It made me laugh and is well worth the download if you have the bandwidth to do so and if you don't - YouTube it


----------



## Ian_m (Jan 9, 2001)

I am sure someone could add a TiVo web module to do the beer/cola function to TiVo web for us UK people left with series ones.


----------



## cwaring (Feb 12, 2002)

What Codec does the original file use? It plays okay on my PC at home but won't play on my Dad's laptop. It's not Divx 'cos I just downloaded that


----------



## ericd121 (Dec 12, 2002)

The only application I could find to play it successfully was *VLC media player*.


----------



## Stimp (Oct 18, 2002)

Excellent Codec Pack that i've found to play everything ive thrown at it. is K-lite.

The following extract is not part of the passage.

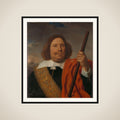 Egbert Meeuwsz Cortenaer (1605-65), Vice Admiral, Admiralty of the Maas, Rotterdam framed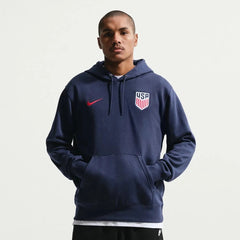 2026-27 USMNT Mens Club Fleece Pullover Hoodie | Nike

Can't paste the link to the download due to my post count however a quick search in google for "k-litecodecpack" should be the top link


----------



## alextegg (May 21, 2002)

google for gspot, it is an excellent utility that tells you what codecs you need for any file


----------



## cwaring (Feb 12, 2002)

Found it, downloaded it; no help  "Codec Status Undetermined"


----------



## ...coolstream (Dec 10, 2005)

cwaring said:


> Found it, downloaded it; no help  "Codec Status Undetermined"


Are you referring to http://www.tivo.com/0.11.bluemoon.asp ?

If so, GSpot 2.51 b02 lists the container as 
File Type: 3GPP Media (.3GP) [MP4 compat.]
Mime Type: video/mp4

Testing the file with MS A/V states:
Rendering failed. Following is the error reported by DirectShow:
0x80040241: The source filter for this file could not be loaded.

I am however, able to play the file with Media Player Classic, which shows the properties as:
Video: MPEG4 Video 480x360 [Apple Video Media Handler (eng)]
Audio: AAC 32000Hz stereo 96Kbps [Apple Sound Media Handler (eng)]

The reference to Apple should be the clue here. I suggest that you also install Quicktime Alternative to get the necessary codecs. (This download will also install/update your Media Player Classic to the latest version).
http://fileforum.betanews.com/detail/QuickTime_Alternative_QT7/1049831315/1


----------